But looking down out cliff, I see a house-spout
emitting steadily rain-water which curves, then
falls adding a stalactite crystal-grey
to now yellowed stalagmites beyond of Lombardy
poplars unbending, long in a river-bordering line dead straight

Heaney’s rural Derry, Grigson’s riverside France, are not only geographically but temperamentally remote from Alan Brownjohn’s territory, in which (in ‘A 202’) he goes.

Journeying between wired-off bombed lots glossy
                With parked Consuls, making diversions
Round bus depots and draggled estates
In circumlocutory One-Ways,
Netting aquaria in crammed pet store windows,
                Skirting multi-racial bingo queues...

To call it Larkin country is simply shorthand, drawing attention to the fact that both Larkin and Brownjohn write from the England that’s readily recognisable to most of us. What Brownjohn does with it is very different. Where Larkin is concerned with precise though resonant recording of moods (much more emotionally than he is generally given credit for), Brownjohn is intent on thinking in verse; there is a strong thread of prose argument. Thus ‘The Clouds’ begins:

The craftsmen in my line bred out.
I drive, but could I mend a fuse.
My father handled founts of words
My brain would catch and fingers lose.

I find fair excuse, to serve:
There has, in our society,
Been ‘social change’, which makes these skills
Much less of a necessity.

The poem delicately and skilfully goes on to develop the debate from there, but already the danger is apparent: that prose argument can easily slide into the prosaic. And Brownjohn, for all his sensitive and scrupulous intelligence, too often lets this happen.

It doesn’t matter – is, indeed, part of the dry humour – in such lighter poems as ‘Somehow’ (which ‘satirises not the provinces but a certain provincial habit of mind’) and the trouvailles of ‘Common Sense’; but it runs to tediousness in ‘Winter Appointment’ – yet another poem about going to the dentist, a theme which by now seems ready for some barrel-scraping editor to make an anthology of. But I’m grateful for the observant and fine-drawn insights throughout Sandgrains on a Tray, that power which Brownjohn (in a memorial poem on Verson Watkins) isolates as giving ‘all quirks and details a sort of odd wonder.’

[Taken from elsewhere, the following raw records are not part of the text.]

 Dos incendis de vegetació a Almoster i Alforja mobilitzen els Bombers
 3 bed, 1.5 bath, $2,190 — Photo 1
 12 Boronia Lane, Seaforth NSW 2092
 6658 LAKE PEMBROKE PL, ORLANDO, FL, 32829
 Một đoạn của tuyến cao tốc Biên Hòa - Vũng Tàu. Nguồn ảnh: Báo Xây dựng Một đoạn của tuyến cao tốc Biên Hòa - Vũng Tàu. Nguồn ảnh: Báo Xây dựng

It seems to me that in his poems Robert Conquest’s problem has always been to get his intelligence and his impulses to mesh. You can see it in his first and second books (Poems, 1955, and Between Mars and Venus, 1962): the successful pieces are those in which you recognise that a warm rush of feeling has suddenly suffused the bony intellectuality and the poet has stopped frigidly cogitating on ‘art’ and ‘verse’. This is true of the new book too, in which some sort of ratio could be worked out showing the more warmly ‘the thing seen’ in the foreground, the better the poem. Examples are ‘Existences: Zurich’, ‘Far West’, and ‘Then’ – this last a well-focused wartime memory, handled with greater relaxation than Conquest generally allows himself. I wish, too, he would give his sense of the ridiculous (particularly the sexually ridiculous) greater scope: it winks out from ‘Revue Bar Strip’, but the taste for imported abstractions too often seems to win.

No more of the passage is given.